> DATA EXCERPT

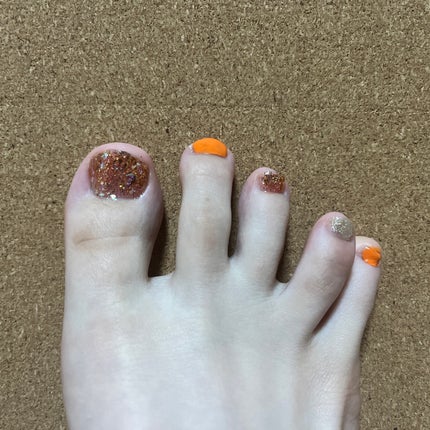 AT濃密グラマラスネイルエナメル 08 オレンジ/Art Collection/マニキュアの画像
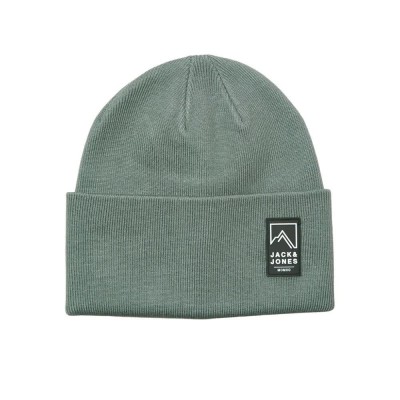 шапка,всички,шапки,jack,&,jones,alpes,ski,beanie,green,(laurel,wreath)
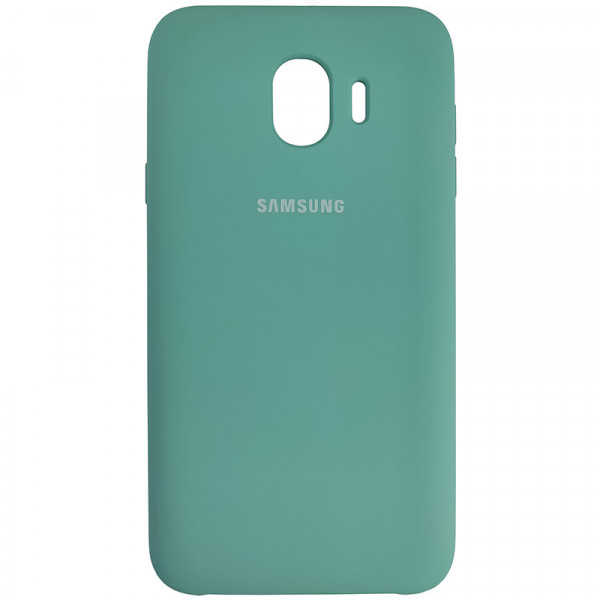 Чохол Silicone Case для Samsung J400 Galaxy J4, Ice Sea Блакитний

> TASK REQUIREMENTS
Reproduce the whole listing verbatim. Pictures stay out of the copy.

> TASK OUTPUT
 AT濃密グラマラスネイルエナメル 08 オレンジ/Art Collection/マニキュアの画像
 шапка,всички,шапки,jack,&,jones,alpes,ski,beanie,green,(laurel,wreath)
 Чохол Silicone Case для Samsung J400 Galaxy J4, Ice Sea Блакитний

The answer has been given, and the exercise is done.